Leave the images aside and repeat the whole listing exactly.

[Start of section]

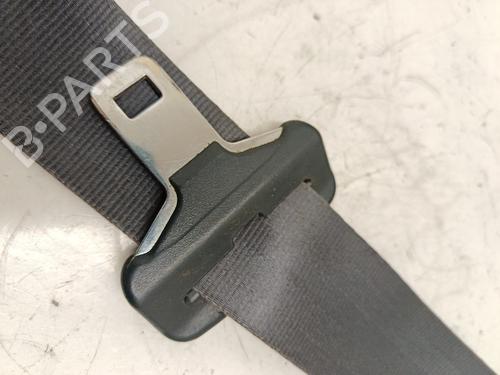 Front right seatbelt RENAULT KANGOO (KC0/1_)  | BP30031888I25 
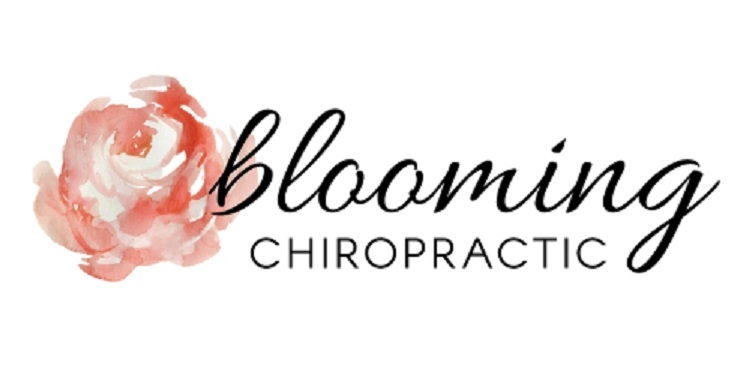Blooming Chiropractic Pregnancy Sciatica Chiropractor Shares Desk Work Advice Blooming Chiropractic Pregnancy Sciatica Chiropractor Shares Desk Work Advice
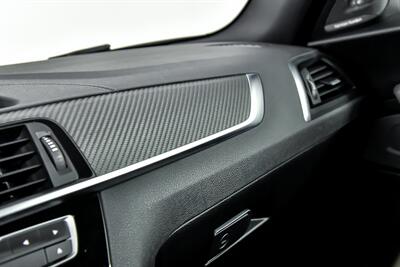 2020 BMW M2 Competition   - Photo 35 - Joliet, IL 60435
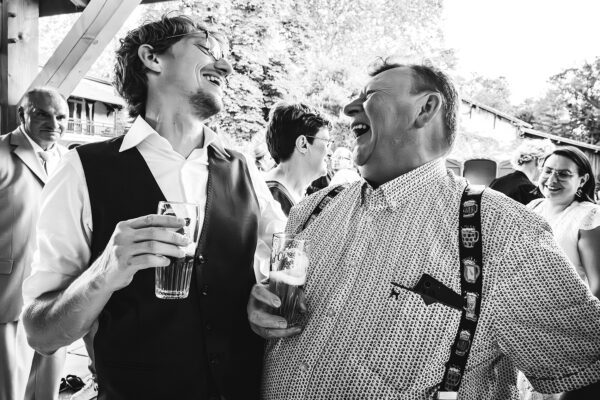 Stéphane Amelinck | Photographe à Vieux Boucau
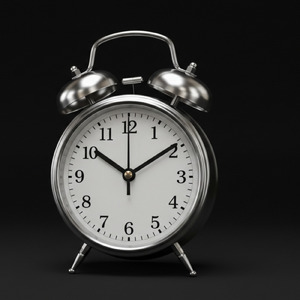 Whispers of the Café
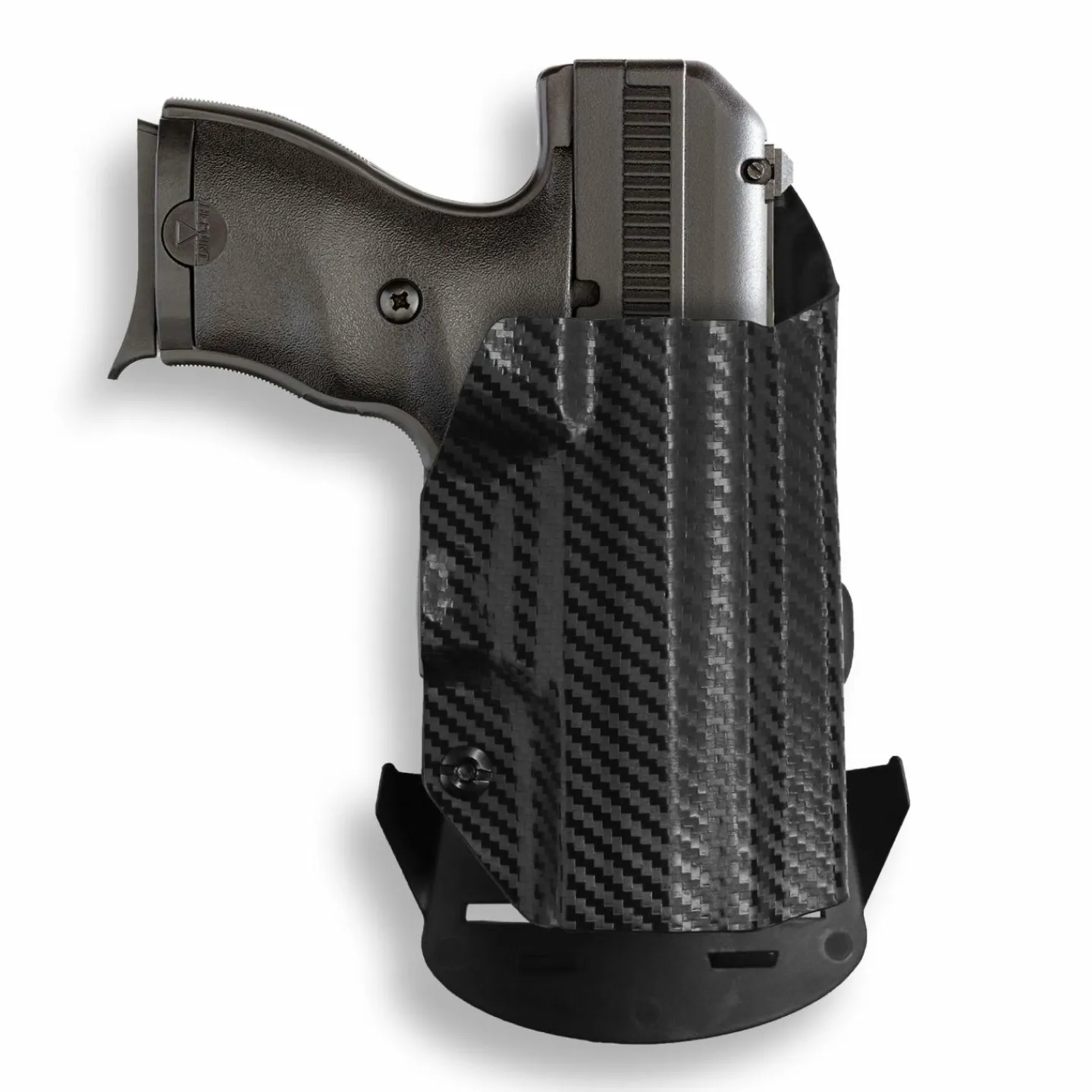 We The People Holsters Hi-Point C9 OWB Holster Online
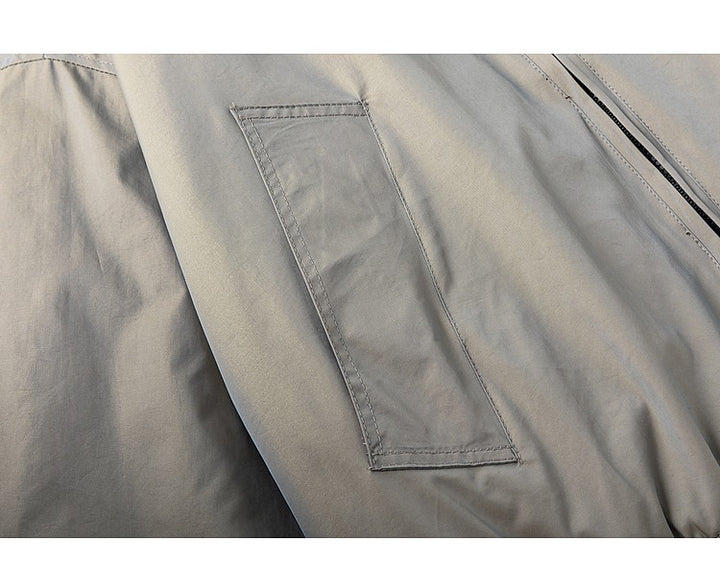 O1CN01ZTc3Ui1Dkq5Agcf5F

[End of section]

▶ TASK SOLUTION:
 Front right seatbelt RENAULT KANGOO (KC0/1_)  | BP30031888I25 
Blooming Chiropractic Pregnancy Sciatica Chiropractor Shares Desk Work Advice Blooming Chiropractic Pregnancy Sciatica Chiropractor Shares Desk Work Advice
 2020 BMW M2 Competition   - Photo 35 - Joliet, IL 60435
 Stéphane Amelinck | Photographe à Vieux Boucau
 Whispers of the Café
 We The People Holsters Hi-Point C9 OWB Holster Online
 O1CN01ZTc3Ui1Dkq5Agcf5F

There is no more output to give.